Tax havens are the modern day equivalent of buried treasure chests: an unknown amount of wealth locked up in an exotic undisclosed location, hidden from view until moved by the owner or otherwise discovered.
But what are the consequences of maintaining or finding foreign accounts in today’s more sophisticated economic and legal system?
Schulich School of Law Professor Geoffrey Loomer hopes to clear up some of the misconceptions about what you can and can’t do with your money offshore during his upcoming Mini Law School lecture: “Buried Treasure: The Use and Abuse of Tax Havens.”
“I’m going to dispel some of the myths about what your legal obligations and rights are under Canadian tax law with respect to having money offshore, and provide some information on how people are using tax havens to either evade tax, which is criminal behaviour, or avoid, mitigate, or reduce their taxes in ways that are legal under Canadian law, but some people might consider improper,” says Prof. Loomer, who specializes in international tax law.
Cracking down on offshore accounts
A tax haven is a jurisdiction with low or no tax on some kinds of income.
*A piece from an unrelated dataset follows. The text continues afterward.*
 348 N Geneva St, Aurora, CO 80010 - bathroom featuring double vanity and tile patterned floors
Well-known tax havens include countries such as the Cayman Islands, Bermuda, Hong Kong, the Channel Islands, Switzerland and Liechtenstein.
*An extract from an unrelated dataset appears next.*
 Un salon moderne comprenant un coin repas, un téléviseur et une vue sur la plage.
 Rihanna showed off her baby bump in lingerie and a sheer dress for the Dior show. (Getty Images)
Prof. Loomer will talk about recent examples of evasion, and discuss how governments around the world have been increasing their efforts to track down offshore accounts and make evaders come forward and pay their tax.
“For Canadian residents, I’m sorry, there’s not really much you can do to not pay tax in Canada on your worldwide income,” he explains. “But people still try, and the Canadian response since about 2008, along with the rest of the G20, has been to try to crack down on that.”
Much of this has been done, successfully, through a massive expansion of information exchange among countries, including the traditional tax haven holdouts.
While tax law might seem overly technical, Prof. Loomer notes that these issues also have important political and social ramifications, especially in the current climate of the global occupy movements protesting the wealth of the 1 per cent.
“The tax system is designed in part to redistribute wealth from the extremely rich, including large companies and high net-worth individuals. To some extent, the system fails because those are the persons who have access to these methods of either evading or avoiding tax.”